わざわざコンサルフィーを払ってマンション管理士を活用する「一定の区分所有者が、自分の住まいと資産価値に興味関心を持っている」マンションのうち、「50戸の小規模マンション」と「500戸の大規模マンション」それぞれに新人のマンション管理士を連れて行くと、管理士からはだいたい次のどちらかの反応が戻ってきます。
①500戸のマンションの合意形成はとても大変に見える
②50戸と500戸では合意形成に向けてのアプローチの仕方が違って見える
①は「量的」な見方であり、②は「質的」な見方ですね。
②を答える人は「センス」があります。(なくても努力で見え方が変わりますから心配いりません)
イメージし易いよう単純化して書くと「50戸の小規模マンション」と「500戸の大規模マンション」では、規模は10倍ですが、合意形成にかかる時間は2倍程度でしょうか。むしろ大規模マンションのほうが合意形成がスムーズなこともあったりします。

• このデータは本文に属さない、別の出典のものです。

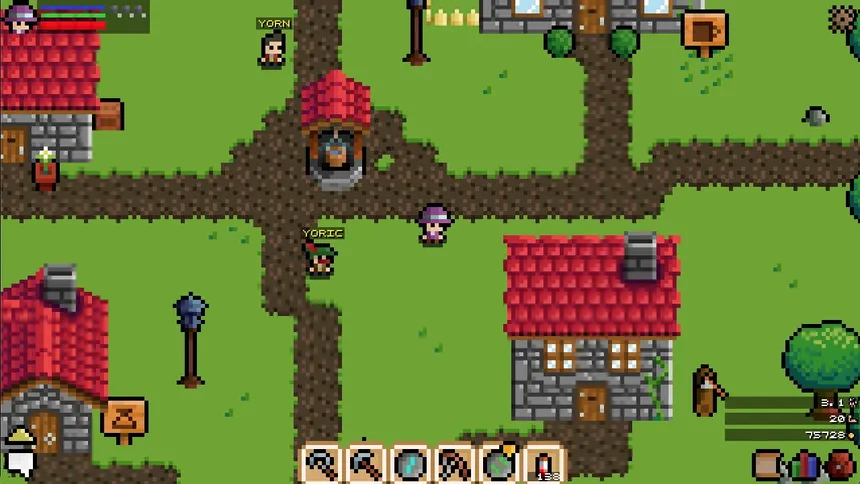 Скриншот 3 к игре Tales of Yore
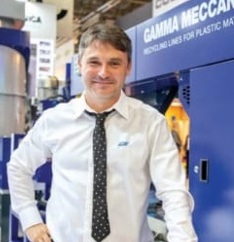 Andrea Burini - CEO Gamma Meccanica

マンション管理組合を自治体に置き換えると、人口1万人の町村と10万人の市、100万人の政令指定都市、1,000万人の都、そして1億人の国とでは、そこの人民をある方向へ導くやり方が違うのと同じです。
小規模な自治体の首長なら、なるべくそこに住む一人ひとりと向き合って、対話して、具体的に寄り添い、極力希望を叶える姿勢が大切ですし、叶えやすいといえます。小規模な組織の長やそこで働く人には、一対一のコミュニケーション能力や、個々に寄り添う気持ちが必要です。

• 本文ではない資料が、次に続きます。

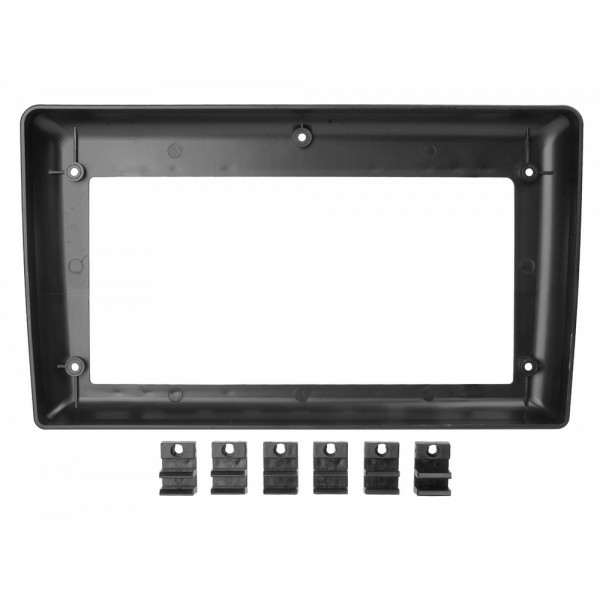 CARAV 22-930 - 9" монтажная рамка универсальная для 2-DIN рамки (9")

一人ひとりが持つ「1票の重み」や「自分事の度合い」が大きく、一人ひとりに寄り添わないと大きな反対が起こりやすいし、また特定の声の大きな人に全体が引きずり込まれやすいこともあって、対人コミュニケーション能力があるに越したことはありません。
マンション管理士が管理組合(個々の組合員)と向き合うときも似たような能力や姿勢が問われます。
「合意形成ではなく満足形成」と言ってた方がいましたが、まさにそのとおりだと思います。
もちろんマンション管理士=コンサルとすれば、左脳は必要ですが、右脳的な感覚を多く持つことも重要です。
一方で、大きな自治体の首長は、そこに住む一人ひとりと向き合い、対話し、具体的に寄り添い、多くの方が満足するような結果を出すことは質量ともに困難です。
そうなると「最も多数の民意がどこにあるのか」「マイノリティにどこまで配慮するか(または切り捨てるか)」を、冷静・客観的に探しだす『俯瞰力』と、なるべく多くの賛意を得るためのプレゼン能力や説明能力などが必要になります。
より左脳的な感覚を持つことが重要です。
マンション管理士の仕事で言えば、規模が大きいマンションほど、マンション管理士=コンサル的なマインドと能力を培う必要がある。「冷静に、感情に流されること無く合意形成を目指す」ということです。